Avant même de faire l'objet de propositions de lois, ces "solutions" sont loin de convaincre dans les rangs des magistrats, directement concernés. "Ce n'est pas parce qu'on change l'échelle des peines que l'on va résoudre le problème", commente Alexandra Vaillant, secrétaire générale de l'Union Syndicale des Magistrats (USM).

"Tant qu'on dissocie la réflexion sur les peines de la réflexion sur les moyens de la justice, on n'arrivera à rien", ajoute-t-elle.

"Le sursis est une véritable peine"

Même constat chez Manon Lefebvre, secrétaire nationale au Syndicat de la Magistrature. Elle rappelle que le ministre de la Justice avait déjà annoncé, dans une lettre adressée aux magistrats début mai, sa volonté de supprimer le sursis et d'instaurer des peines minimales. "Il se sert des événements du week-end pour ressortir ces propositions. Il veut un durcissement total, de l'immédiateté", résume-t-elle.

La magistrate souligne pourtant l'importance de maintenir le sursis dans le régime des peines, là où le Garde des Sceaux estime que les condamnés ne comprennent pas la valeur de cette condamnation. "Il faut juste bien leur expliquer", indique Manon Lefebvre.

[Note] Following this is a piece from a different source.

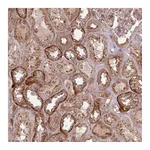 Atlas Antibodies Anti-ANKRD24 Antibody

À titre d'exemple, une personne condamnée à un an de prison avec sursis n'ira pas en détention. Mais cette notion de "sursis" fonctionne comme un avertissement.

"Le sursis est une véritable peine. En cas de nouvelle condamnation, il peut être révoqué et devenir une peine d'emprisonnement. Et si la personne condamnée à une peine de sursis ne commet pas de nouvelle infraction, c'est que l'avertissement aura fonctionné", conclut-elle.

Pour Manon Lefebvre comme pour Alexandra Vaillant, de l'USM, ce sursis est important, notamment pour les primo-délinquants. "Qu'est-ce qu'on va faire des personnes condamnées pour la première fois, dont le casier judiciaire était vierge jusqu'ici? Où va-t-on les mettre?", interroge cette dernière, rappelant les chiffres de la surpopulation carcérale. Au 1er mai, la surpopulation carcérale atteignait 133,7%.

Les peines planchers, "faible effet dissuasif"

Dans la même lignée, le retour des peines minimales que souhaite Gérald Darmanin ne permettrait pas d'endiguer la récidive, indiquent les deux magistrates.

Mesure emblématique du mandat de Nicolas Sarkozy, mises en place entre 2007 et 2014, les "peines planchers" à l'encontre des délinquants récidivistes n'avaient eu qu'un "faible effet dissuasif", comme le soulignait une étude en 2024. Selon ces travaux, cette menace des "peines planchers" n'a pas réellement empêché les primo-délinquants de repasser à l'acte.

"Elles avaient créé le retour d'une incarcération massive. Revenir à des peines planchers aujourd'hui, alors qu'on est arrivé à un stade jamais atteint en matière de surpopulation carcérale, c'est irresponsable et sans impact démontré sur la récidive", commente Manon Lefebvre.

Pour régler le problème de la surpopulation, le ministre de la Justice propose de créer de nouvelles places en détention. Inutile, d'après les syndicats de magistrats. "Toutes les données statistiques démontrent que cette solution est un échec et que le nombre de places supplémentaires ne fait qu'accroître le nombre de personnes incarcérées", écrit le Syndicat de la Magistrature dans une lettre ouverte à Gérald Darmanin.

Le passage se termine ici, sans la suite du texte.